[Data items]
#####
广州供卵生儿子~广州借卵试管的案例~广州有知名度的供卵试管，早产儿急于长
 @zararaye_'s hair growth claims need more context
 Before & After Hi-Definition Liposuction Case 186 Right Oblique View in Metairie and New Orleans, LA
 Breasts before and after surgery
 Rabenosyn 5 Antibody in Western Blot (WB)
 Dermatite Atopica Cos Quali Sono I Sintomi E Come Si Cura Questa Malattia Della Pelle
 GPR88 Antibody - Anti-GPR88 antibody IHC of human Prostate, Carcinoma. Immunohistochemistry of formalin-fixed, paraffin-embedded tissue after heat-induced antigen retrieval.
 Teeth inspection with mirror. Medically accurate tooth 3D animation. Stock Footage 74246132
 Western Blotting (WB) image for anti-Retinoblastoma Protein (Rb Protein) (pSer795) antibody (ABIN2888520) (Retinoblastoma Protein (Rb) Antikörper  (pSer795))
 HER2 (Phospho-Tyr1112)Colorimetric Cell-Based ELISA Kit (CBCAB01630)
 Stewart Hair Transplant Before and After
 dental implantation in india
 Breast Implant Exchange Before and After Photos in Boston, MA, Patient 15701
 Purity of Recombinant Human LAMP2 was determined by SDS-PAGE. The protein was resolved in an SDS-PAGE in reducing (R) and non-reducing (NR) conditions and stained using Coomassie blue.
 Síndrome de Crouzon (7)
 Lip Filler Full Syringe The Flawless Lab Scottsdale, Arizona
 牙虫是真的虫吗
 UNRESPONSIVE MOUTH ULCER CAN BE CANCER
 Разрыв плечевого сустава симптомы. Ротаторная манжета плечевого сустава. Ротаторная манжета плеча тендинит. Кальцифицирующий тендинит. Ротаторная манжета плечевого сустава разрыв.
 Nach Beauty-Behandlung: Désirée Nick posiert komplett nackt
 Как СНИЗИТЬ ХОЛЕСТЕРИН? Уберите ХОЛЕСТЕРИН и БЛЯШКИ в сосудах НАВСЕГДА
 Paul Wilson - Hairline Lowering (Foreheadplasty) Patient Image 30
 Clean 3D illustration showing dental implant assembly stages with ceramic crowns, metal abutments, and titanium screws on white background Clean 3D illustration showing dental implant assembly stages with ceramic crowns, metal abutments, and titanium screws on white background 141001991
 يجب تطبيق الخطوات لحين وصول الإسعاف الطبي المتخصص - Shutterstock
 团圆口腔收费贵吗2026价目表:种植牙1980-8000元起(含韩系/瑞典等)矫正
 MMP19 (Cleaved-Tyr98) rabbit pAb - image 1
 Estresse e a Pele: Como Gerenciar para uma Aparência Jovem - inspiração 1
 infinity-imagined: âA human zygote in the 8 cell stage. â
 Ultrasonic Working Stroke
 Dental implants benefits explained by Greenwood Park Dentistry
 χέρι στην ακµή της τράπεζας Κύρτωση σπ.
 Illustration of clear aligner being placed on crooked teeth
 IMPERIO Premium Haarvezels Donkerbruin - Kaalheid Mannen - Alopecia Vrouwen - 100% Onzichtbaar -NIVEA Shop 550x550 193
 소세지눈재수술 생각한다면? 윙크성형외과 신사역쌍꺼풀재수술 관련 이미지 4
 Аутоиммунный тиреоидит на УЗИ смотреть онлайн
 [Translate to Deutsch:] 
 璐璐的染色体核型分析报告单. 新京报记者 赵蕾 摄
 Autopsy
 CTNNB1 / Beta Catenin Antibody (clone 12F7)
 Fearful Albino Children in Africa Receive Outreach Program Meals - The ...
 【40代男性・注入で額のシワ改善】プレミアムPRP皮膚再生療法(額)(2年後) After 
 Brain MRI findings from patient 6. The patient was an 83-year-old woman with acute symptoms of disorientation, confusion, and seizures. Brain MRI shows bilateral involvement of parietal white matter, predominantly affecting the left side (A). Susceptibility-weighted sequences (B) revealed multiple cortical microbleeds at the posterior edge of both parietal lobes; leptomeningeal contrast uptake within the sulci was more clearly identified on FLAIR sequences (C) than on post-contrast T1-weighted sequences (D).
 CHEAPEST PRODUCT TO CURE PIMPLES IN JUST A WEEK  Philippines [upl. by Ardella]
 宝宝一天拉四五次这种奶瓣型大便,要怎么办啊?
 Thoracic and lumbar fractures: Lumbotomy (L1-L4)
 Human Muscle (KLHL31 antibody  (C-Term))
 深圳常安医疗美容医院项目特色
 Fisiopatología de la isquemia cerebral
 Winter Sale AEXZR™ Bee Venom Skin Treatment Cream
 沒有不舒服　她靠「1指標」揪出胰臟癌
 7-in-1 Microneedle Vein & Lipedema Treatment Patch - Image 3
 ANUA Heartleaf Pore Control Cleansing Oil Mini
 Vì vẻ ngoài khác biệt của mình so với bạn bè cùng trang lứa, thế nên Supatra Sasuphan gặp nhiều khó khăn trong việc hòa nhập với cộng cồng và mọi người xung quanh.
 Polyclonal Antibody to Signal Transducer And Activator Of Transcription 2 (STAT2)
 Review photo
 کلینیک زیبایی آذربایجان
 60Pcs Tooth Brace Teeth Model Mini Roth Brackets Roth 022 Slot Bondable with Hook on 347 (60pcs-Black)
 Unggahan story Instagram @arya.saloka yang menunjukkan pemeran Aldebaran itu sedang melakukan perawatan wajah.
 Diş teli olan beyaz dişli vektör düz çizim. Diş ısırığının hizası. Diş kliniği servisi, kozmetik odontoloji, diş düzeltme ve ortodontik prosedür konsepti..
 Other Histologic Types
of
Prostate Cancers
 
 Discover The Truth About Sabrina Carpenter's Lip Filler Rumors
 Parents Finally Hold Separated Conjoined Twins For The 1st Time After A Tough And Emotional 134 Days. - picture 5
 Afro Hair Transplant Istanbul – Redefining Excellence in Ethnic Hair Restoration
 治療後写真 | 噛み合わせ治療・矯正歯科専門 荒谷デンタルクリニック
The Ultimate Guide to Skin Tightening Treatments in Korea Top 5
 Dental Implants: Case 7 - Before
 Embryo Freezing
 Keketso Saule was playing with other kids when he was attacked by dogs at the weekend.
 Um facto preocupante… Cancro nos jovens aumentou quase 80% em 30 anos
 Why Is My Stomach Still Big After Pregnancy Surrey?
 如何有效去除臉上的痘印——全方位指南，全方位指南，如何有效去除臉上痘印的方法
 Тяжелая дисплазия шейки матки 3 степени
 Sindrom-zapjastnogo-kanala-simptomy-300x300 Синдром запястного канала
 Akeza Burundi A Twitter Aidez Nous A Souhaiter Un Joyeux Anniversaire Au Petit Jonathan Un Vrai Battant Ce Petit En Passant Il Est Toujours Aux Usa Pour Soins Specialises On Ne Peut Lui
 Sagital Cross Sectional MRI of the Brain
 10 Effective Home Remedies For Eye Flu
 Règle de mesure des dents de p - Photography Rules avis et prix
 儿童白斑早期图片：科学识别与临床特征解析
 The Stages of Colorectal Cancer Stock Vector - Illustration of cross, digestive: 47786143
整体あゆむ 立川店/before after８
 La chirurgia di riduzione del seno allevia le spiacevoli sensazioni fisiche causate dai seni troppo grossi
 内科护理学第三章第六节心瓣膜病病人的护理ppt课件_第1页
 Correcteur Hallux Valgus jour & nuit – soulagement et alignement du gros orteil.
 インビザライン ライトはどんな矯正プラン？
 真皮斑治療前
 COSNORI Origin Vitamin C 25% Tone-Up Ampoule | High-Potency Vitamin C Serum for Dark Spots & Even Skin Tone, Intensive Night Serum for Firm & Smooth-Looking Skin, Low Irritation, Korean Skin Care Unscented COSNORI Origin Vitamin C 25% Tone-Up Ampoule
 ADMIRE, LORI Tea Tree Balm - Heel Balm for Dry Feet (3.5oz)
#####
» Your task:
Copy each line containing the word "Case" from the data.

» Exercise result:
 Before & After Hi-Definition Liposuction Case 186 Right Oblique View in Metairie and New Orleans, LA
 Dental Implants: Case 7 - Before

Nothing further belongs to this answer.